Without any images, write the data out exactly as it appears.

AVAILABLE DATA —

* * * *

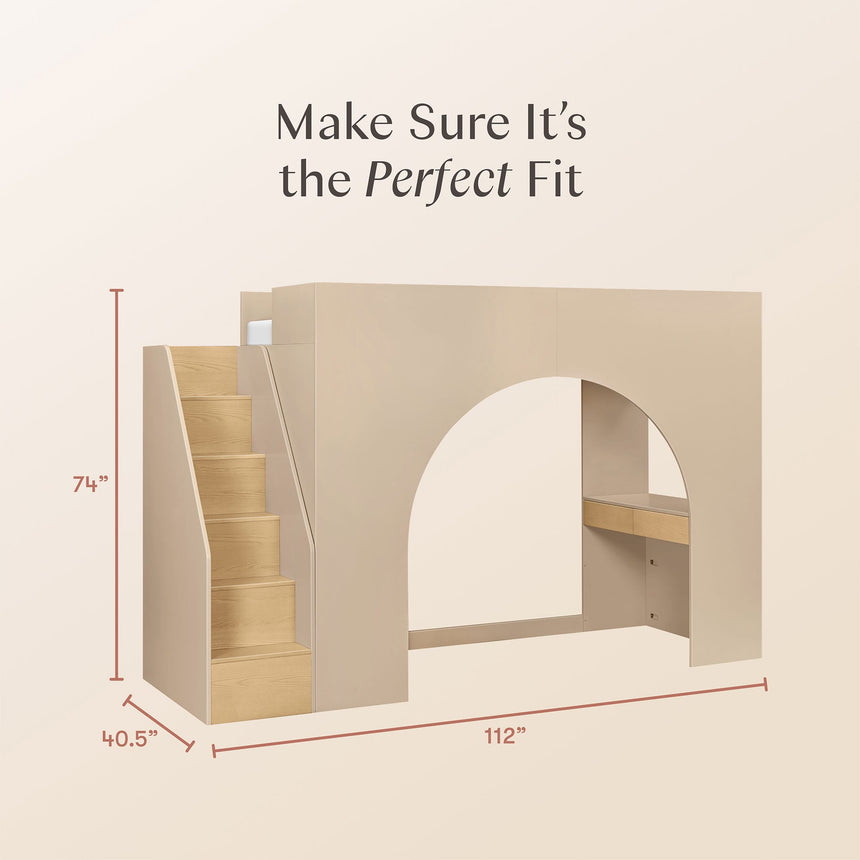 Lit Mezzanine avec Escalier Moab - Taupe / Cendre-Babyletto-LET-M32971TPESH-CLÉMENT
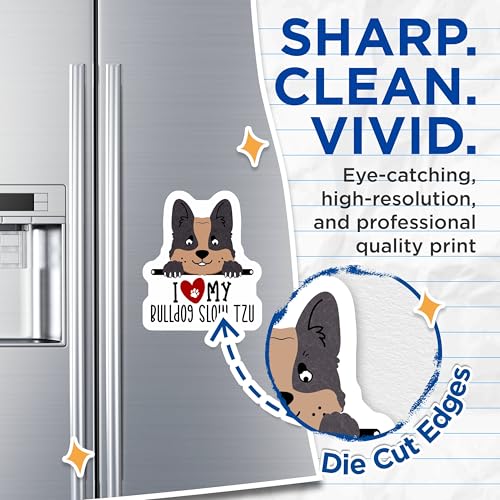(2 Pack) I Love My Bulldog Slow Tzu Magnets - Funny Dog Lover Fridge - Cute Puppy Car Accessories - 5" On Longest Side - for Cars, Fridges, Toolboxes - Made in USA - MAG4303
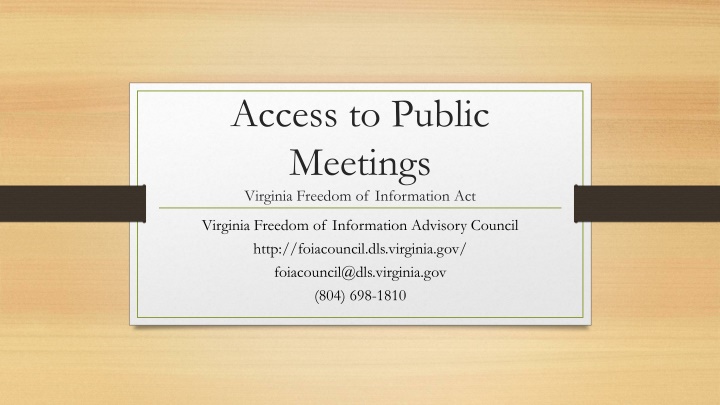 Virginia's Freedom of Information Act and Public Meetings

* * * *

ANSWER TO THE PROBLEM —
 Lit Mezzanine avec Escalier Moab - Taupe / Cendre-Babyletto-LET-M32971TPESH-CLÉMENT
(2 Pack) I Love My Bulldog Slow Tzu Magnets - Funny Dog Lover Fridge - Cute Puppy Car Accessories - 5" On Longest Side - for Cars, Fridges, Toolboxes - Made in USA - MAG4303
 Virginia's Freedom of Information Act and Public Meetings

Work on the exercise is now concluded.